Foi a caminho desta residência, onde também vivem os irmãos — um com 57 anos e outro de 61, portador de deficiência — que foram mandadas parar pelas autoridades responsáveis por fazer cumprir as regras do estado de emergência em que o país mergulhou para travar a pandemia COVID-19. No porta bagagem do carro tinham bens essenciais no valor de 200€, conta o "El Mundo".
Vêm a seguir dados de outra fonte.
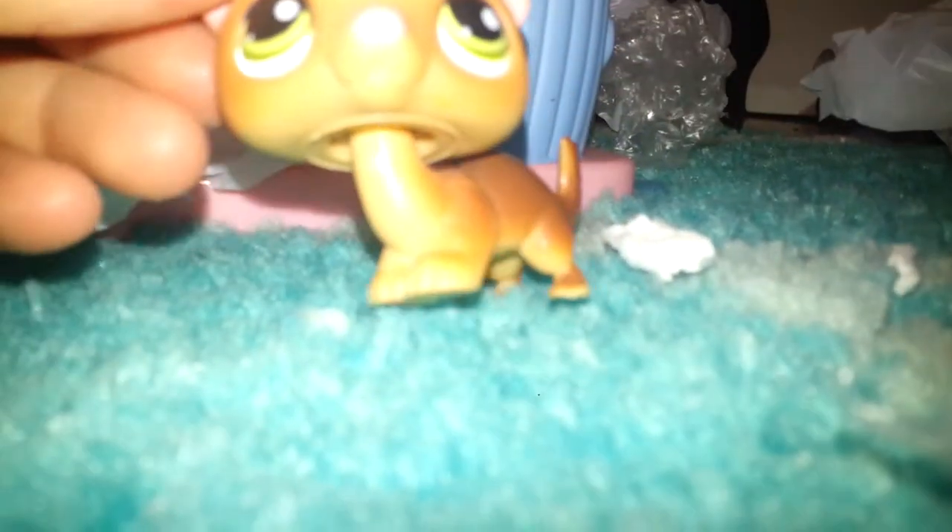It's a ferret — my second one. Actually, is it a ferret or a sea otter? I can't tell. I think it's a ferret. And — my first panda! It's beautiful, it's super beautiful.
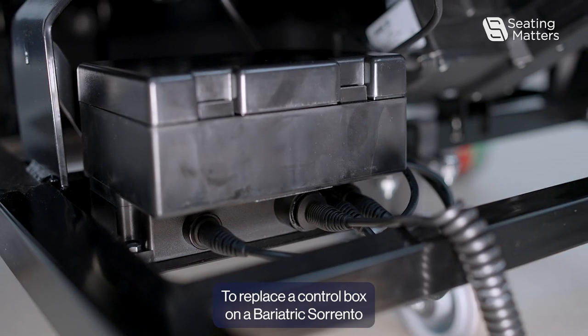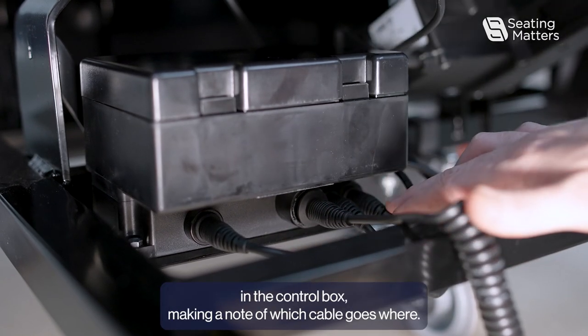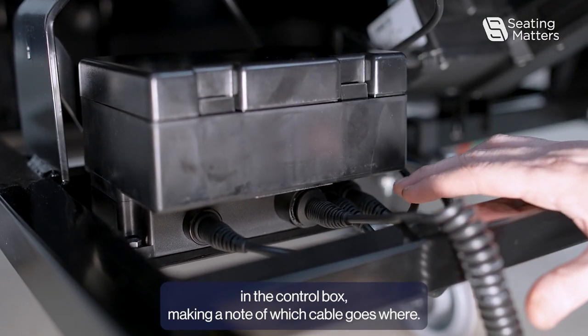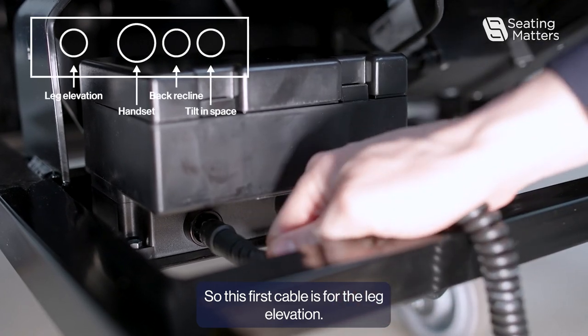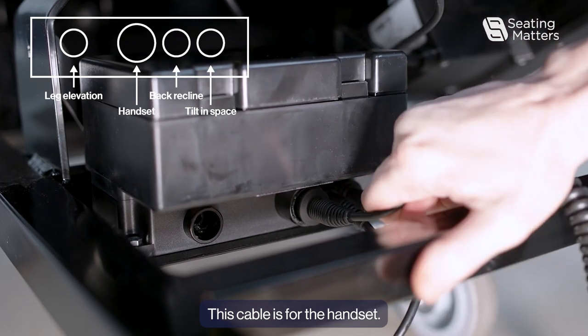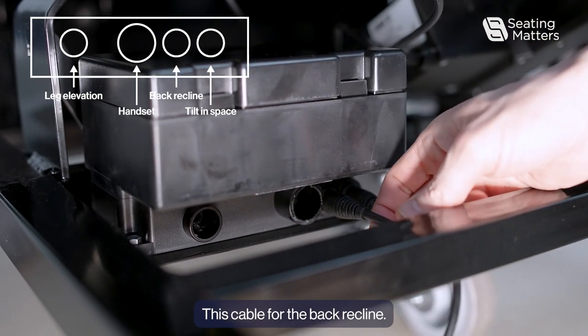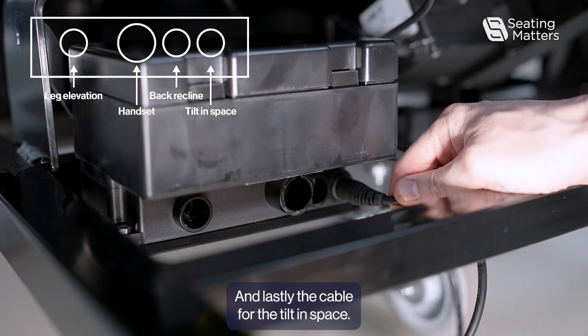To replace the control box on a Biogex Sorento, first we need to disconnect the cables in the control box, making a note of which cable goes where. This first cable is for the leg elevation. This cable is for the handset. This cable is for the back of the plane, and lastly the cable for the tilting space.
Segundo o mesmo jornal, a compra dos produtos tinha sido feita neste mesmo dia, 22 de março, o único de folga desta funcionária de saúde — a filha ia consigo de modo a que a pudesse ajudar a transportar as compras, uma vez que os pais vivem num segundo andar de um prédio sem elevador.

O erro, disse a mulher, foi que ambas iam sentadas no lugar da frente do carro. "A polícia nacional deteve-nos no posto de controle. Com gentileza, expliquei que íamos a casa dos meus pais levar as compras. Até lhes disse para olharem para o porta bagagens que ia cheio", disse, citada pelo mesmo jornal. "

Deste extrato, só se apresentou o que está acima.